US 11,695,794 B2
	Method and system for clustering darknet traffic streams with word embeddings
Dvir Cohen, Efrat (IL); Asaf Shabtai, Hulda (IL); Yuval Elovici, Arugot (IL); Yisroel Avraham Mirsky, Beer Sheva (IL); Rami Puzis, Ashdod (IL); Tobias Martin, Darmstadt (DE); and Manuel Kamp, Darmstadt (DE)
Assigned to DEUTSCHE TELEKOM AG, Bonn (DE)
Filed by DEUTSCHE TELEKOM AG, Bonn (DE)
Filed on Apr. 2, 2020, as Appl. No. 16/838,136.
Claims priority of provisional application 62/828,528, filed on Apr. 3, 2019.
Prior Publication US 2020/0322368 A1, Oct. 8, 2020
Int. Cl. G06F 11/30 (2006.01); H04L 9/40 (2022.01); G06N 3/04 (2023.01); G06F 18/23 (2023.01)

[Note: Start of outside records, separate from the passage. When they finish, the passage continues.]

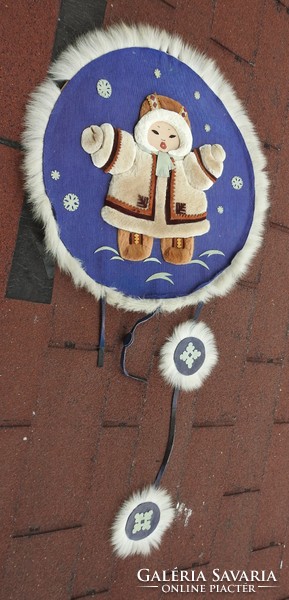 Old Soviet huge wall cloth and fur image - Eskimo children
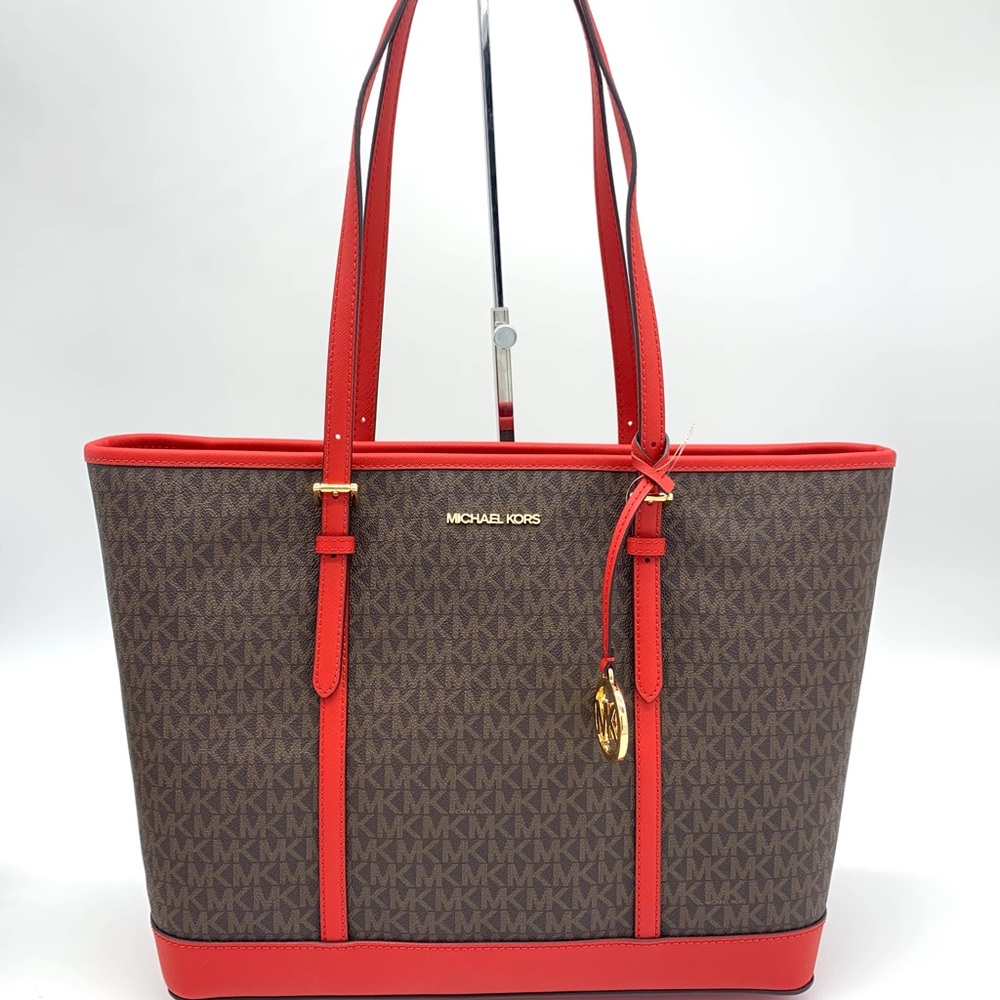 MICHAEL KORS JET SET TRAVEL LG TZ SHOULDER TOTE BAG in BROWN SIGNATURE/FLAME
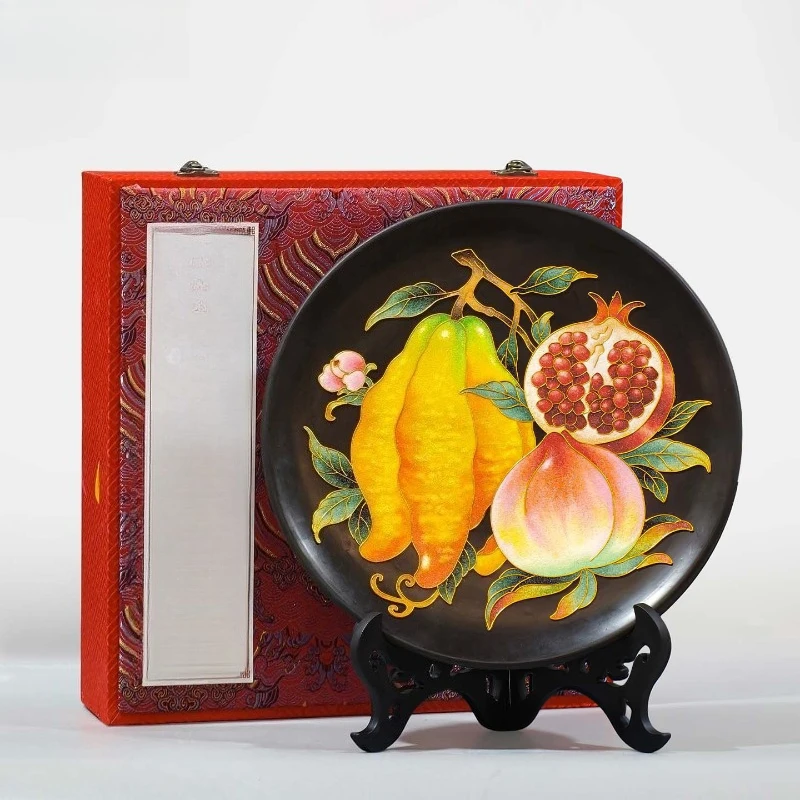 Black pottery cloisonne appreciation plate home ornament birthday housewarming gift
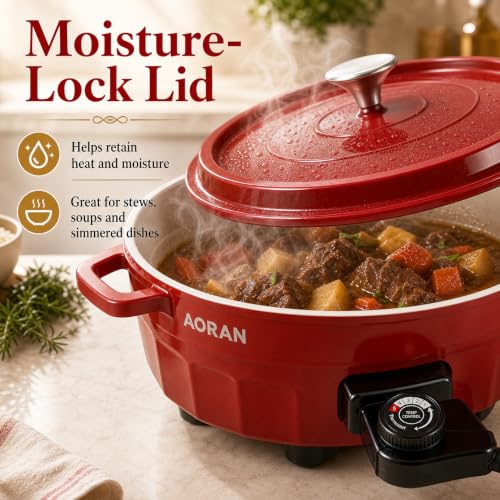 Image of AORAN 6QT Multi-Function Electric Hot Pot Cooker, 1400W Family Hot Pot for Frying, Boiling, Slow Cooking & Stewing, Nonstick Cooking Pot with Temperature Control, Ladle, Skimmer & Spatula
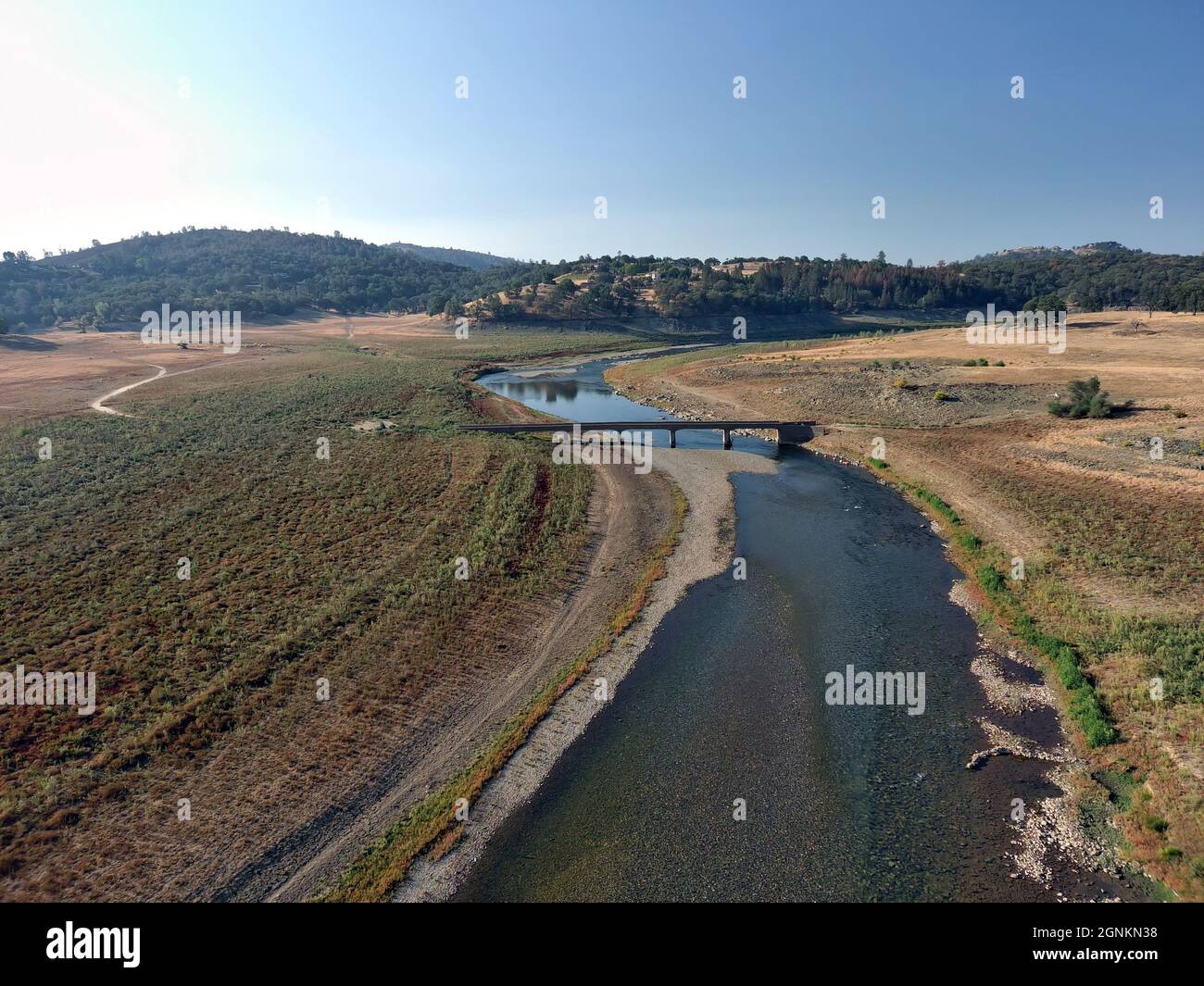 Hidden Bridge at Salmon Falls usually submerged under 40' of water in Folsom Lake is exposed due to the severe drought in California. Stock Photo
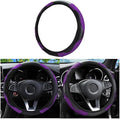 Car Steering Wheel Cover, Microfiber PU Leather Elastic Carbon Fiber Auto Steering Wheel Protector, 15 Inch Breathable Anti-Slip for Women Men, Car Interior Accessories for Most Cars (Black/Purple)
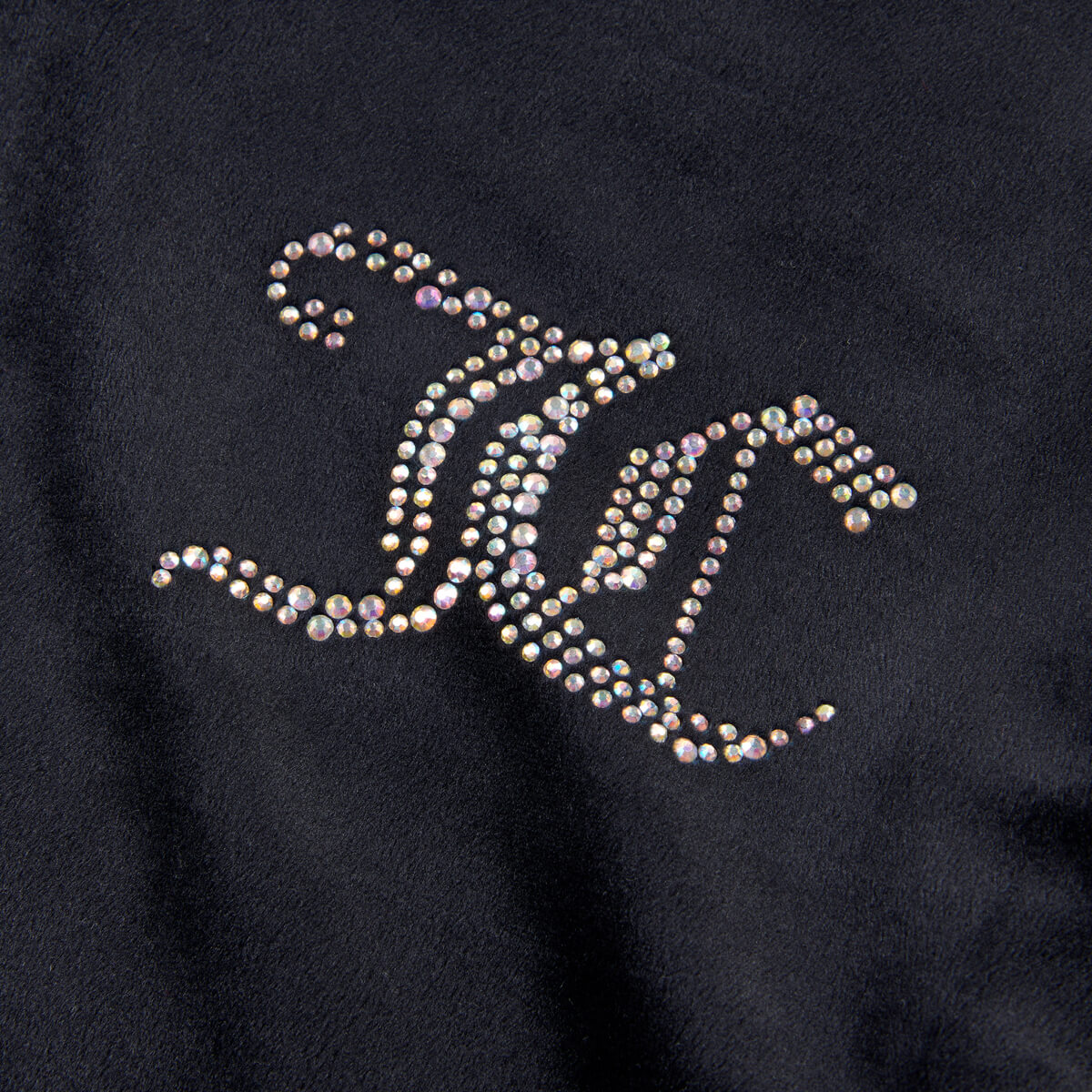 Juicy Couture Girls Black Diamante Velour Zip Thru Hoodie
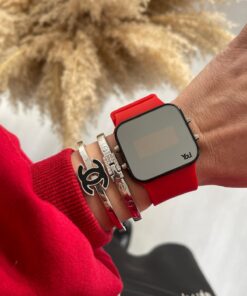 Kırmızı Siyah Dijital Tuşlu Kare Led Unisex Saat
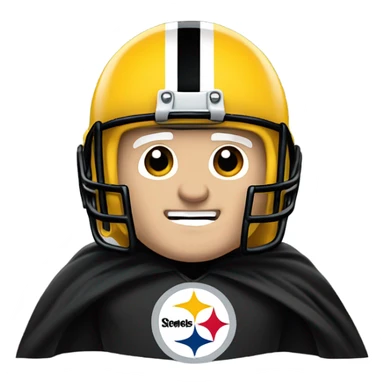Terry Bradshaw Pittsburgh Steelers player in helmet and uniform with black cape. sticker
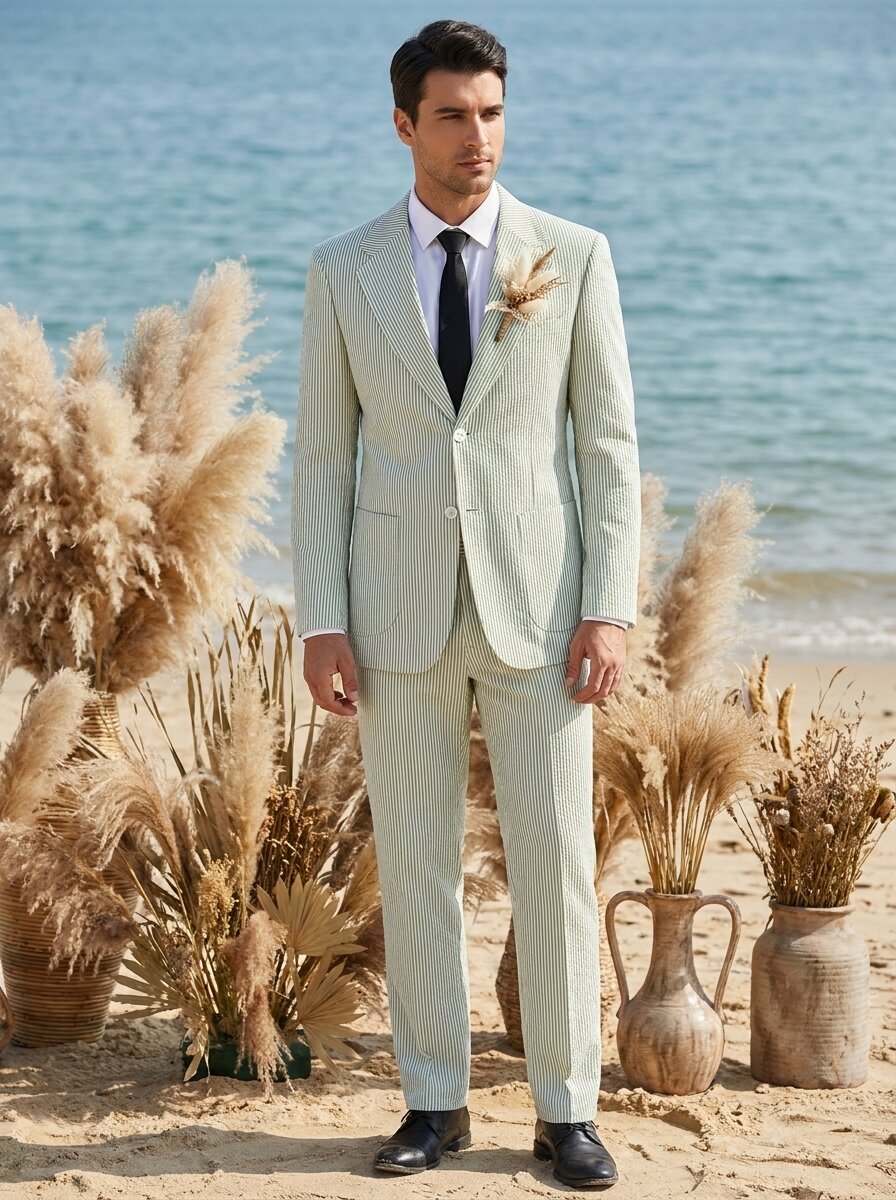 Men's Pinstripe Seersucker Suit – Lightweight Breathable Summer Suit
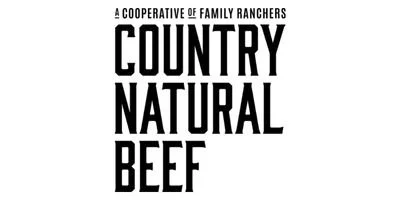 Text stating 'A Cooperative of Family Ranchers, Country Natural Beef' in black capital letters on a white background.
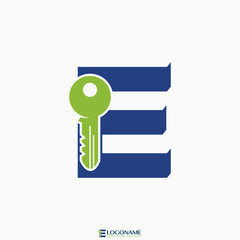 Logo design graphic concept creative abstract premium vector stock initial 3D E font with house door key. Related to monogram typography home property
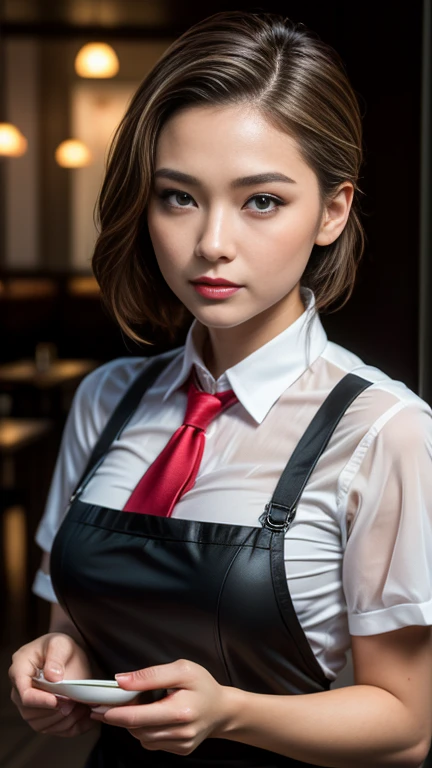 (8K, RAW Photos, 最high quality, masterpiece: 1.2), (Realistic, photoRealistic: 1.37), 1 A woman wearing a waitress uniform standing on the sidewalk, , Professional Lighting, Photon Mapping, , Brazilian women, Torn, Sommelière、, Incredibly beautiful face、Playmate proportions、Sommelièreのユニホーム、,At a fine dining restaurant,Carry dishes、 masterpiece, 最high quality, high quality, High resolution, big , (Face close-up),working at a restaurant、Hair is tied、Updo、Tie your hair tightly、Slicked back hair、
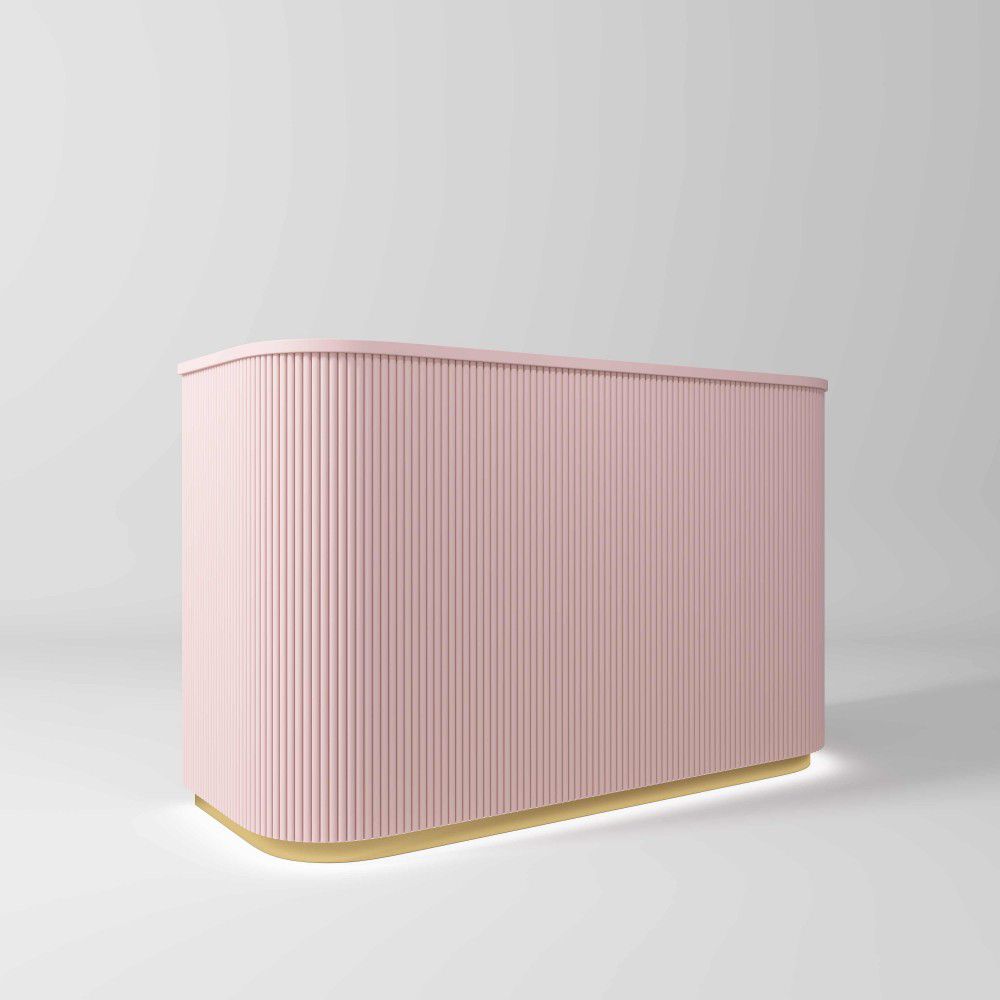 large salon reception desk with gold and LED light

CPC H04L 63/1433 (2013.01) [G06F 11/3072 (2013.01); G06F 18/23 (2023.01); G06N 3/04 (2013.01); H04L 63/1416 (2013.01); H04L 63/1425 (2013.01)]

11 Claims

1. A method for analyzing and clustering darknet traffic streams with word embeddings, comprising:

a) collecting data from blackhole taps of said darknet, being unassigned IP addresses;

b) splitting the collected data into sliding time windows, each having a predetermined length;

c) For each time window, grouping the destination port (D-port) records of the same source IP (S-IP) into a port sequence, to obtain a plurality of port sequences;

d) transforming said port sequences into a numerical feature vectors by applying a word embedding algorithm to said port sequences, by treating ports as words and port sequences as sentences;

e) clustering said feature vectors over time by performing temporal clustering; and

f) upon identifying clusters that have been appeared and classified as malicious in the past or clusters that have never seen before, issuing an alert.